Many times you have included the harp, the divine instrument, in your projects. How come?

For almost 30 years I have been playing the harp and I love self-made music. Until today I regularly play my instrument in different projects. I don't want to miss that because my love for music is also an anchor for me in my fine art. When I play myself it takes me to another dimension, another artistic level. Therefore, I find it logical to include this from time to time in my art. For a long time I was not able to decide where my focus was and I had many battles with myself over what I wanted to do.
However, I don't have to take this decision as I feel at home in both worlds. A fine artist who can also play the harp. Therefore, I sometimes stage my openings with harp and painting. My harp play can keep people "grounded" and tune them in on the opening, I include myself in that.

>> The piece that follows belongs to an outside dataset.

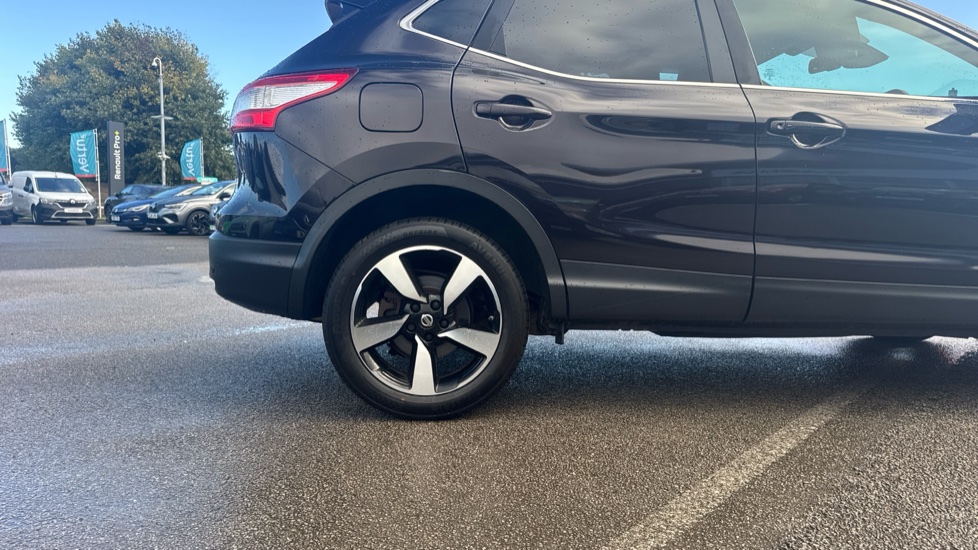 Nissan Qashqai 1.5 dCi N-Vision 5dr Diesel Hatchback - Image 7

Could we also say this makes you unique?

No, this is not a unique characteristic. There are enough great role models who were musicians and artists. In contrast to others I often had to put up with criticism. The redhead with the harp who can't decide, that sort of thing. In the beginning I took this to heart and it even made me doubt.
People are often looking to put people into boxes. However, at this stage I no longer care. As I have said before, I do not have to decide. Moreover, I actually want to combine both fields, if it fits for me and the concept. In November 2017 I will stage a performance with light, serigraphy and harp in Japan based on my previous projects. The host did not know my paintings or my harp play but only the project "The blue Eros" and precisely this must have fascinated her. For me this is a new culture and a new exciting way to meet people and art at the Smart Illumination Festival in Yokohama. I am really looking forward to it and I am excited to see what will happen.